Description of the task: Output the data below only from the line containing "Cute doga emoji" up to and including the line containing "Disc Rotors and", exact and with the pictures left out.

Data extract:
◇ ◇ ◇
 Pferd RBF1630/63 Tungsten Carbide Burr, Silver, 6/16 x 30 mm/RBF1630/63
◇ ◇ ◇
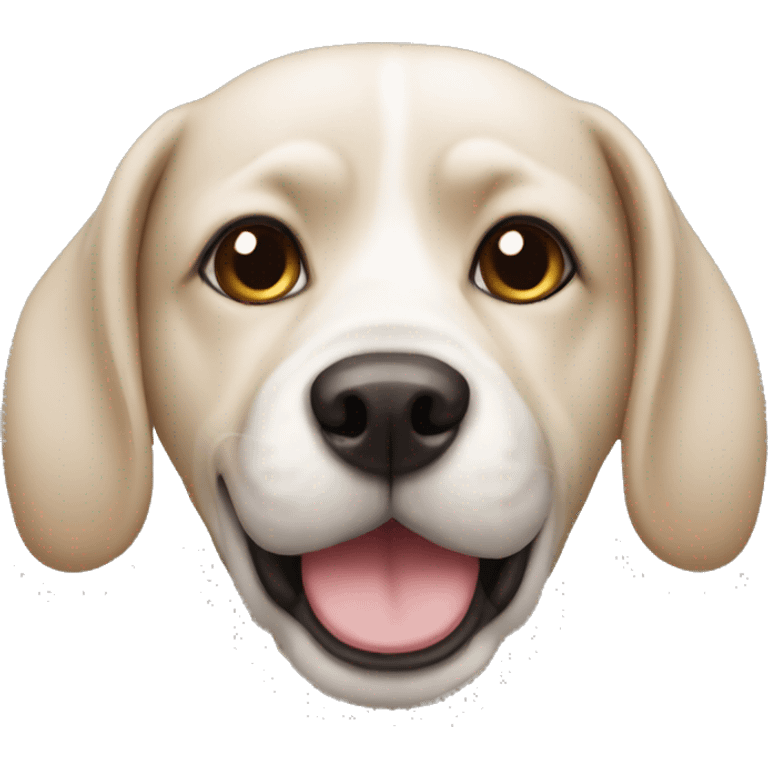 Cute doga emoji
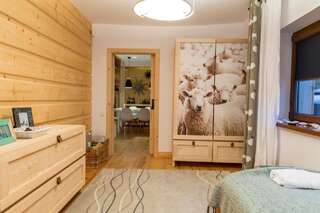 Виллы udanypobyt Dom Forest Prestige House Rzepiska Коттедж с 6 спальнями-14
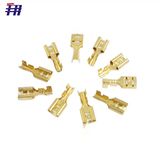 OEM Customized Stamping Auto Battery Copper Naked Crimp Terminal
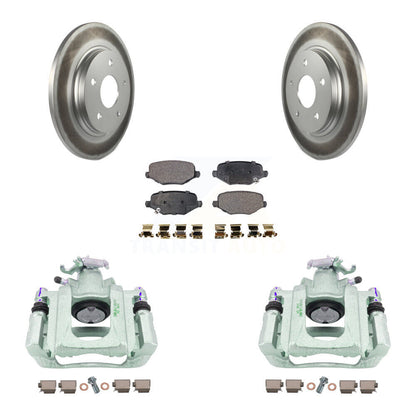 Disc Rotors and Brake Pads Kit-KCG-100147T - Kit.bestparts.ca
◇ ◇ ◇
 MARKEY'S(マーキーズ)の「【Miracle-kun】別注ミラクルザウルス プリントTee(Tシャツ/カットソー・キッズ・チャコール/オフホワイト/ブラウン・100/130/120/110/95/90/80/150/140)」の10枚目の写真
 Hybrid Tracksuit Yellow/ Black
◇ ◇ ◇
Answer to the exercise:
 Cute doga emoji
 Виллы udanypobyt Dom Forest Prestige House Rzepiska Коттедж с 6 спальнями-14
 OEM Customized Stamping Auto Battery Copper Naked Crimp Terminal
 Disc Rotors and Brake Pads Kit-KCG-100147T - Kit.bestparts.ca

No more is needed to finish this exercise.